Task instructions: Using the records below, give again exactly the lines from the line that contains "Horloge Vinyle harry" through the line that contains "Los Angeles apartment", both ends included, and only those.

Provided material:
*****
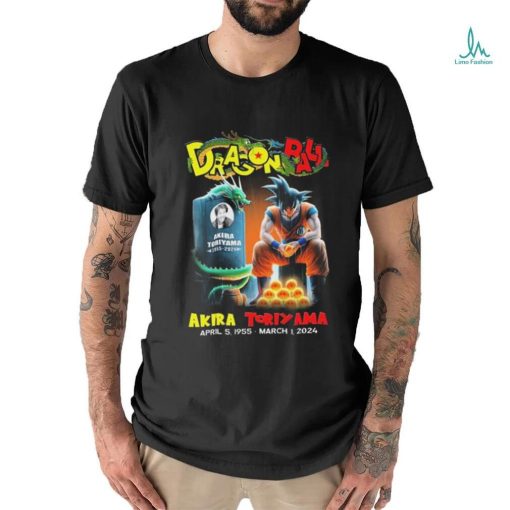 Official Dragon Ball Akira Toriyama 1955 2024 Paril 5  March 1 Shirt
*****
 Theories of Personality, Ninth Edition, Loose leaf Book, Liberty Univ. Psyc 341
*****
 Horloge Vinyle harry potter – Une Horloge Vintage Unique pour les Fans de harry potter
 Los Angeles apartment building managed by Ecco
*****
Answer box:
 Horloge Vinyle harry potter – Une Horloge Vintage Unique pour les Fans de harry potter
 Los Angeles apartment building managed by Ecco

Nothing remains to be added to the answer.